Redis Distributed Systems Primer

ZSET patterns for timers, queues, rate limiters, and more. One data structure — a sorted set — solves most distributed coordination problems once you know what the score means.

1 · The big idea 2 · ZSET internals 3 · Core commands 4 · Pattern: timer / scheduler 5 · Pattern: priority queue 6 · Pattern: rate limiter 7 · Atomicity = your lock 8 · Durability 9 · Scaling 10 · Interview cheat sheet

1 · The big idea

Redis ZSET (sorted set) solves 90% of distributed coordination problems with one data structure. The whole trick is understanding what the score represents — change the meaning of the score and the same primitive becomes a timer, a queue, a rate limiter, or a leaderboard.

Timer / Scheduler

score = fire_timestamp

ZRANGEBYSCORE 0 NOW

Priority Queue

score = priority (inverted)

ZPOPMIN

Rate Limiter

score = request_timestamp

ZCOUNT key (now-window) now

Leaderboard

score = points

ZREVRANGE 0 9

Delayed Queue

score = visible_at

ZRANGEBYSCORE 0 NOW

Sliding Window

score = event_timestamp

ZREMRANGEBYSCORE 0 (now-window)

Interview insight

These "different" problems are the same data structure with different semantics. Recognizing this pattern shows you see underlying structure, not just memorized solutions.
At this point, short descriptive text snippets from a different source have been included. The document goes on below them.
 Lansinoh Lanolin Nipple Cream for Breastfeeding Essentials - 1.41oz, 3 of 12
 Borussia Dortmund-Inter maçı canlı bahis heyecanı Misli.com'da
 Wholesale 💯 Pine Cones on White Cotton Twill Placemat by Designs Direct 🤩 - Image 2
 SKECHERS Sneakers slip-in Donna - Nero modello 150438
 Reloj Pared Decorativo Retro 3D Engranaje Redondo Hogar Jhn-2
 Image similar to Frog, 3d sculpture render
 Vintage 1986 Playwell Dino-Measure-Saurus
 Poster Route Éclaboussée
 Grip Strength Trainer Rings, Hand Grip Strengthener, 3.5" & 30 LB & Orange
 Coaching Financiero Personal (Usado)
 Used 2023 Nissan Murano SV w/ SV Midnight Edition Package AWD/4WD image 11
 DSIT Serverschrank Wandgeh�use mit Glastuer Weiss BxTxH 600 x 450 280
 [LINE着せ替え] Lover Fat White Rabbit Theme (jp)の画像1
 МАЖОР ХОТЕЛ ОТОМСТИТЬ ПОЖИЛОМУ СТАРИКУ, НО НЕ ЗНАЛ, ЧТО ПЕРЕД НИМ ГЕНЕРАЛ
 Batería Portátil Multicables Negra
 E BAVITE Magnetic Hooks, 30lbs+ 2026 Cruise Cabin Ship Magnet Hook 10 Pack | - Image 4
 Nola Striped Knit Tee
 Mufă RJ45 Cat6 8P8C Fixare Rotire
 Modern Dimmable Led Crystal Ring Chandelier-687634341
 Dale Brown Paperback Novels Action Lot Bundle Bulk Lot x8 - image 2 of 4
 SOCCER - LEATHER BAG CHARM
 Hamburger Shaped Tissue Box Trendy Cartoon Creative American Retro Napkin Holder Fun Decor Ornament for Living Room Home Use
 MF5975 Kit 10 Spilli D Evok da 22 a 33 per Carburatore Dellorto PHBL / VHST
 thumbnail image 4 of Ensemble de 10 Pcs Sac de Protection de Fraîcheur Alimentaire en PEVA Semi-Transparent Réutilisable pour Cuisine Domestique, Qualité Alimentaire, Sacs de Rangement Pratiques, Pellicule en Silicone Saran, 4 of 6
2 · ZSET internals — why a sorted set, not a heap

A ZSET is a skip list + hash table. The dual structure gives you the best of both worlds: the skip list keeps members ordered by score for ranges and ranks, the hash table gives O(1) score lookup by member.

Operation	Heap	ZSET
Get min/max	O(1)	O(1)
Insert	O(log n)	O(log n)
Extract min	O(log n)	O(log n)
Range query (score 100–200)	O(n)	O(log n + m)
Get rank of X	O(n)	O(log n)
Get score of X	O(n)	O(1)
Update score	O(n) find + O(log n)	O(log n)

O(log n) search like a balanced tree · range scans just walk the base list forward (cache friendly) · simpler than a red-black tree and concurrency-friendly

3 · Core commands

ZADD — add member with score

ZADD timers 1708700000 "job:abc123" key score member (fire_at) (timer_id)

Stores the member with its score. If the member already exists, the score is updated in place.

ZRANGEBYSCORE — get members in a score range

ZRANGEBYSCORE timers 0 1708700000 LIMIT 0 100 key min max limit # Returns all members with score between 0 and now # Perfect for "give me all due timers"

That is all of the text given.